Thomas Ruff, la photographie comme laboratoire

La galerie David Zwirner à Londres a présenté en ce début d’année quarante ans de travail de l’artiste allemand à travers son approche expérimentale de la photographie entre abstraction, lumière et technologies.

« Il n’y a pas qu’une seule façon de faire des photographies. Il y a des milliers de possibilités parmi lesquelles vous pouvez choisir… Je m’intéresse simplement au résultat et à savoir si ce dernier mérite d’être discuté. » Depuis plus de quarante ans, Thomas Ruff explore le médium photographique entre portrait, nu, paysage et architecture en manipulant tous les moyens techniques. Qu’il s’agisse « des dispositifs anachroniques aux simulateurs informatiques les plus avancés en passant par de nombreux domaines intermédiaires ». 

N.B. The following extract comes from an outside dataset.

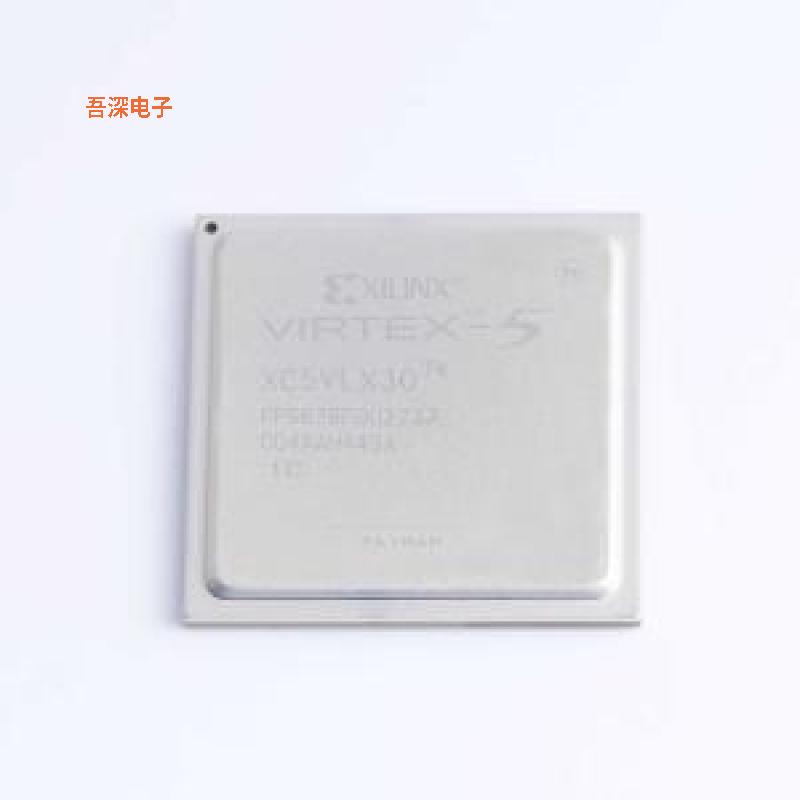XC5VLX30-1FFG676C |原装FCBGA-676可编程逻辑器件(CPLD/FPGA)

Ce diplômé de la Staatliche Kunstakademie de Düsseldorf s’est fait connaître dans les années 1980 pour son étude constante de la « grammaire de la photographie ». De janvier à mars, la galerie David Zwirner a mis en exergue dans ses espaces londoniens son talent d’expérimentateur assidu. Sur deux étages, l’exposition juxtaposait ses séries récentes et une sélection d’images qui retraçait sa carrière, démontrant son approche toujours plus expansive du médium. 

Jeux d’abstraction et de lumière

Au rez-de-chaussée, Thomas Ruff présentait pour la première fois deux corpus d’œuvres qui sont une extension de ses recherches sur l’abstraction photographique. Avec expériences lumineuses, l’image est ainsi abordée de manière scientifique, représentant la lumière pure à travers un spectre électromagnétique. Au sein de son atelier, il a placé des objets en verre (lentilles, miroirs, prismes) sur un tableau blanc sur lequel il fait passer des faisceaux lumineux pour en capter les reflets et les réfractions. En inversant ensuite les images numériquement, la composition forme ce jeu de lumière entre bandes et lignes dynamiques. Ses œuvres, imprimées sur des surfaces mates et veloutées, apparaissent dès lors comme des abstractions picturales. 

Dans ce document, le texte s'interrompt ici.